## Assignment:
Reproduce everything from the line that contains "Modern Art Deco" down to the line that contains "Panaflo FBA06A12V DC12V 0.30A 6CM 3-wire cooling fan Panaflo" in the listing below, word for word and nothing more. Leave the pictures out.

## Input data:
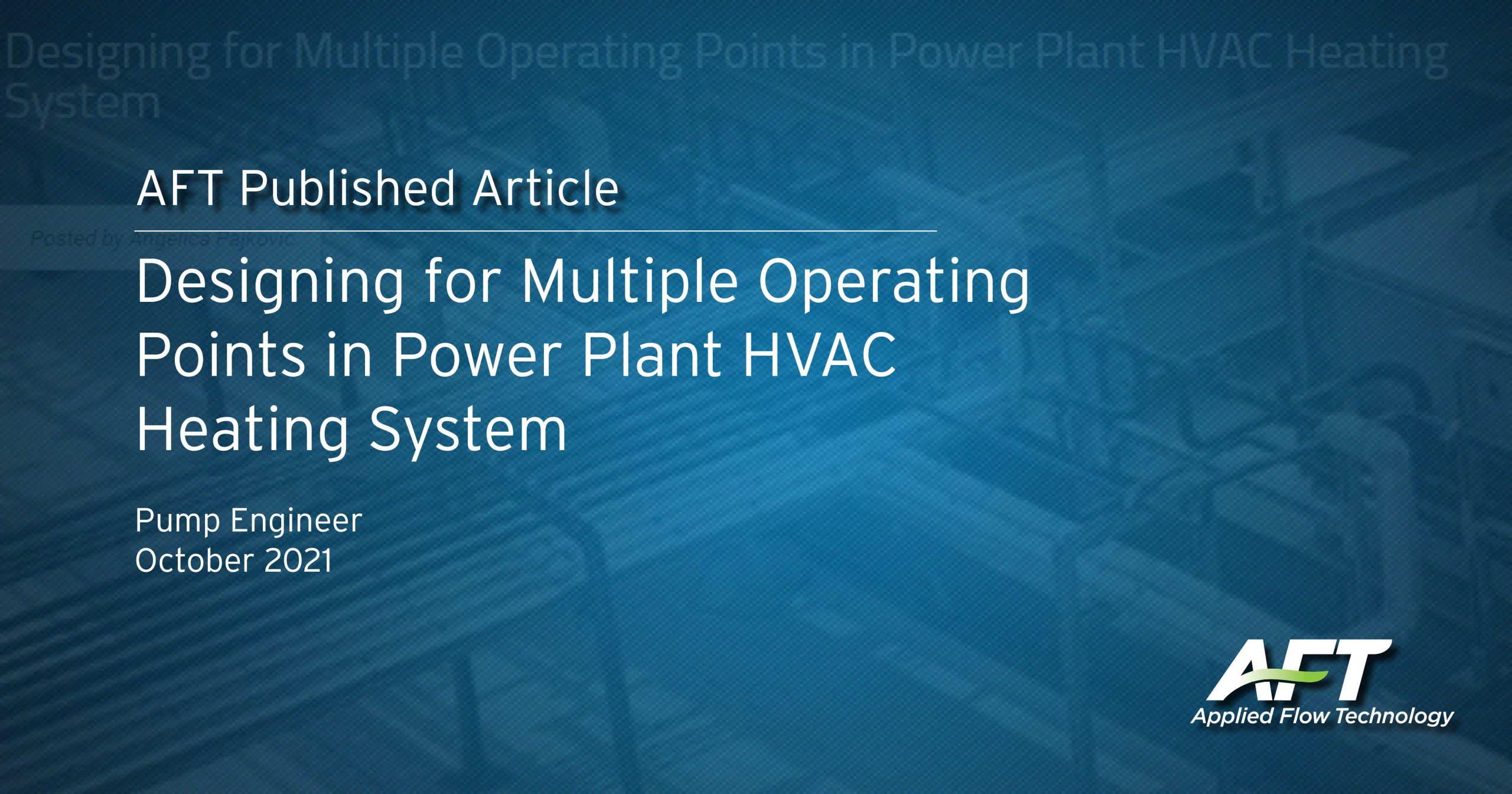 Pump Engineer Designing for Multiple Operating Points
...
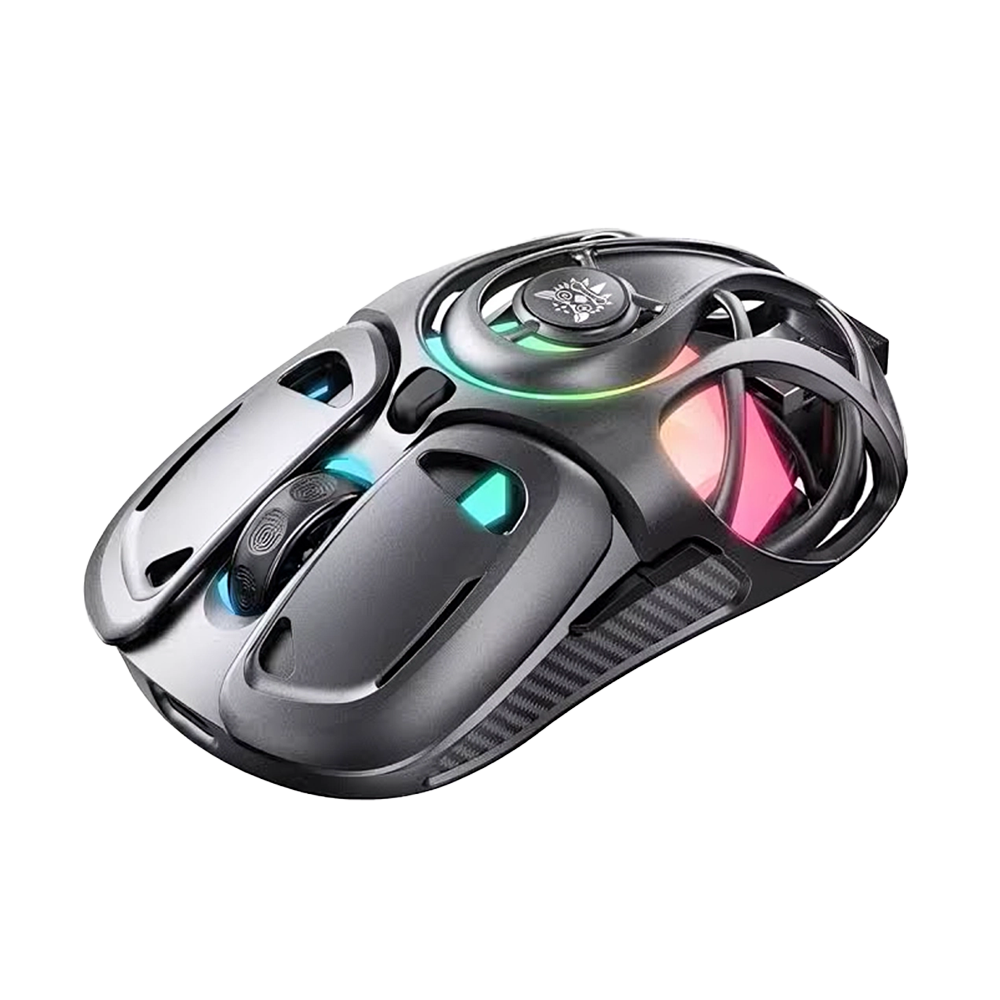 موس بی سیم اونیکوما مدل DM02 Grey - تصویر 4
---
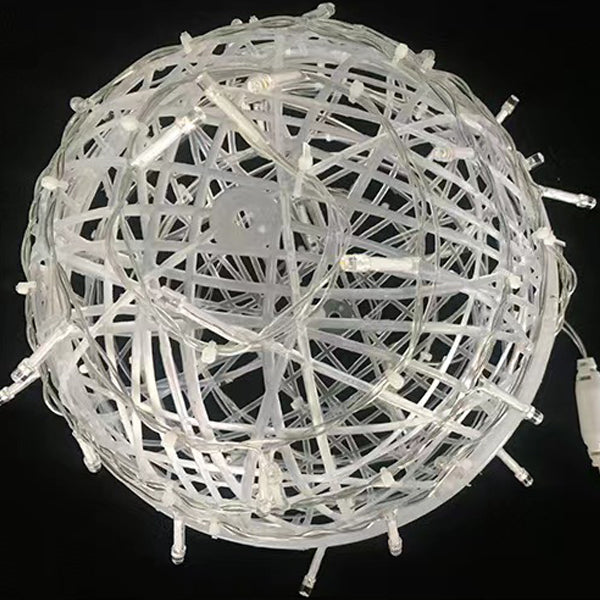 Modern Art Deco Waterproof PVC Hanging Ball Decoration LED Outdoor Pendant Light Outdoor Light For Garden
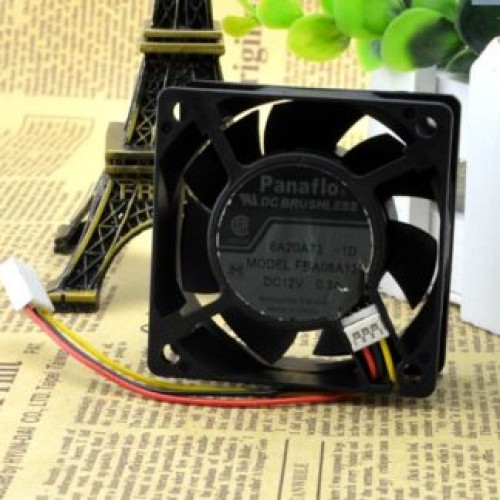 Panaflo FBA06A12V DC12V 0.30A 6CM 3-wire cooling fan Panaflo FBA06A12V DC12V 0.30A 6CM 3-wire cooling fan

## Written reply:
 Modern Art Deco Waterproof PVC Hanging Ball Decoration LED Outdoor Pendant Light Outdoor Light For Garden
 Panaflo FBA06A12V DC12V 0.30A 6CM 3-wire cooling fan Panaflo FBA06A12V DC12V 0.30A 6CM 3-wire cooling fan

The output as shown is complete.